Each entry should be transcribed exactly as written, and any picture left out.

Dataset excerpts:

##############################

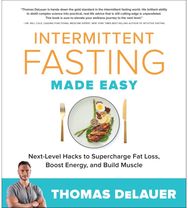 Intermittent Fasting Made Easy Next-level Hacks to Supercharge Fat Loss, Boost Energy, and Build Muscle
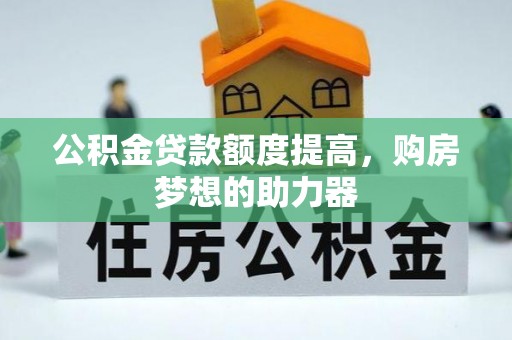 原州公积金贷款额度提高，购房梦想的助力器
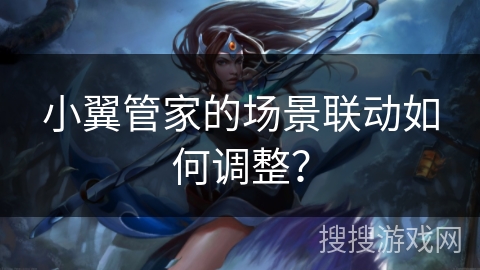 小翼管家的场景联动如何调整? 小翼管家的场景联动如何调整?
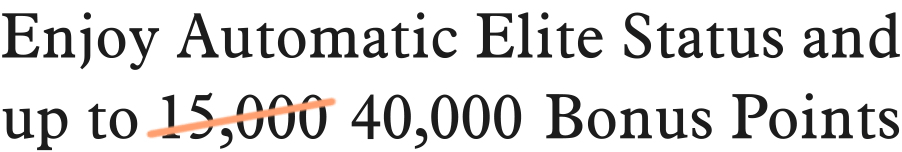 As 15,000 is crossed out, the offer says Enjoy Exceptional Benefits and up to 40,000 Bonus Points.
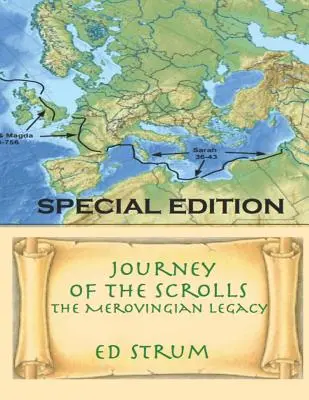 El viaje de los pergaminos - Edición especial: El legado merovingio - Journey of the Scrolls - Special Edition: The Merovingian Legacy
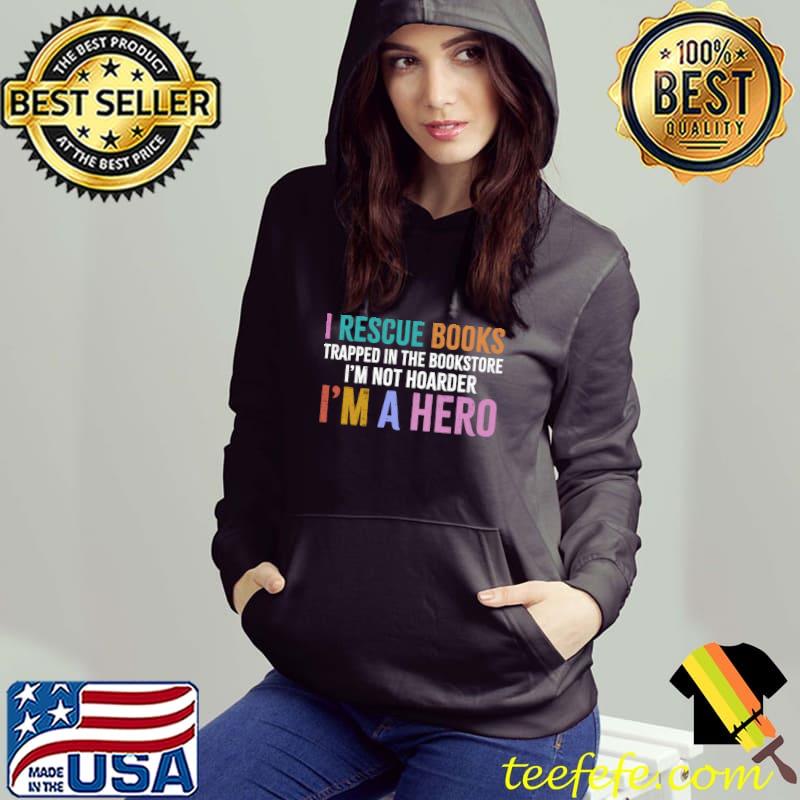 I Rescue Book Trapped In The Bookstore Not Hoarder A Hero Retro Book Lover T-Shirt Hoodie I Rescue Book Trapped In The Bookstore Not Hoarder A Hero Retro Book Lover T-Shirt Hoodie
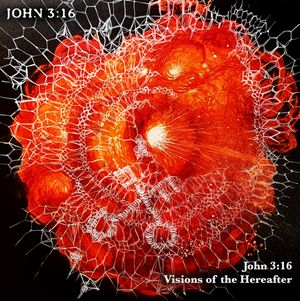 John 3:16 / Visions of the Hereafter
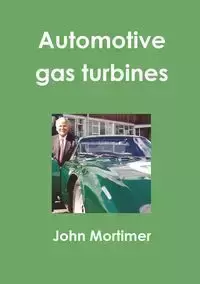 Automotive gas turbines - John Mortimer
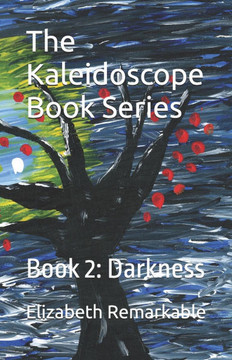The Kaleidoscope Book Series: Book 2: Darkness The Kaleidoscope Book Series: Book 2: Darkness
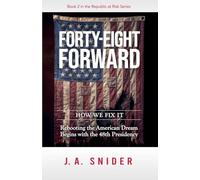 Forty-Eight Forward; How We Fix It: Rebooting the American Dream Begins with the 48th Presidency
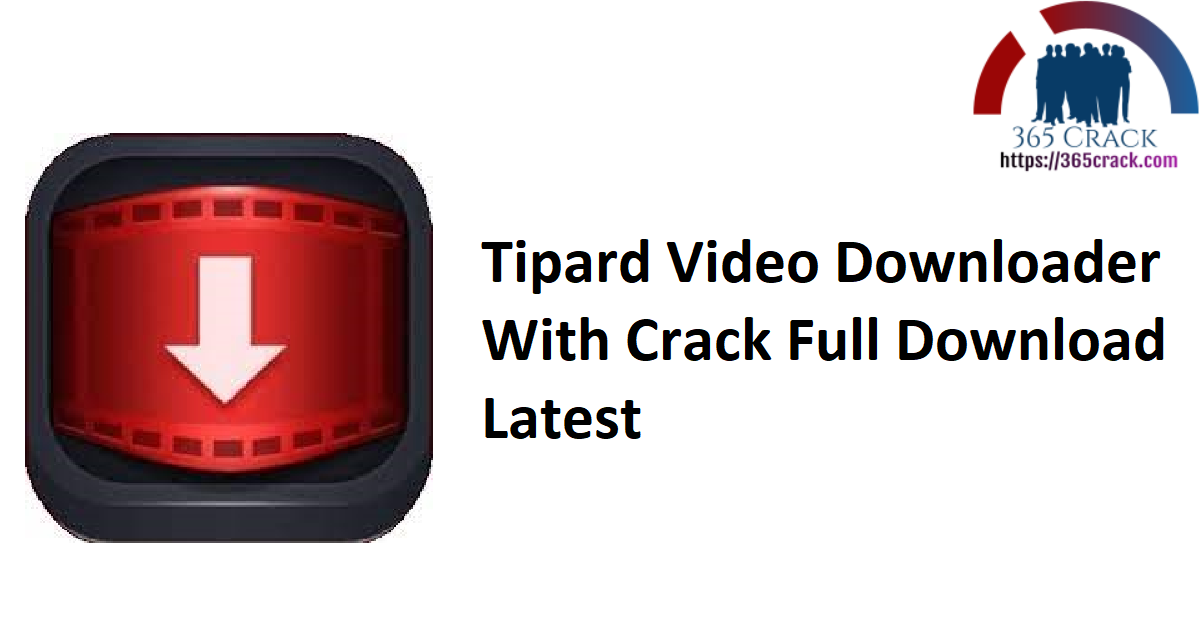 Tipard Video Downloader With Crack Full Download Latest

##############################

■ ANSWER BOX:
 Intermittent Fasting Made Easy Next-level Hacks to Supercharge Fat Loss, Boost Energy, and Build Muscle
 原州公积金贷款额度提高，购房梦想的助力器
 小翼管家的场景联动如何调整? 小翼管家的场景联动如何调整?
 As 15,000 is crossed out, the offer says Enjoy Exceptional Benefits and up to 40,000 Bonus Points.
 El viaje de los pergaminos - Edición especial: El legado merovingio - Journey of the Scrolls - Special Edition: The Merovingian Legacy
 I Rescue Book Trapped In The Bookstore Not Hoarder A Hero Retro Book Lover T-Shirt Hoodie I Rescue Book Trapped In The Bookstore Not Hoarder A Hero Retro Book Lover T-Shirt Hoodie
 John 3:16 / Visions of the Hereafter
 Automotive gas turbines - John Mortimer
The Kaleidoscope Book Series: Book 2: Darkness The Kaleidoscope Book Series: Book 2: Darkness
 Forty-Eight Forward; How We Fix It: Rebooting the American Dream Begins with the 48th Presidency
 Tipard Video Downloader With Crack Full Download Latest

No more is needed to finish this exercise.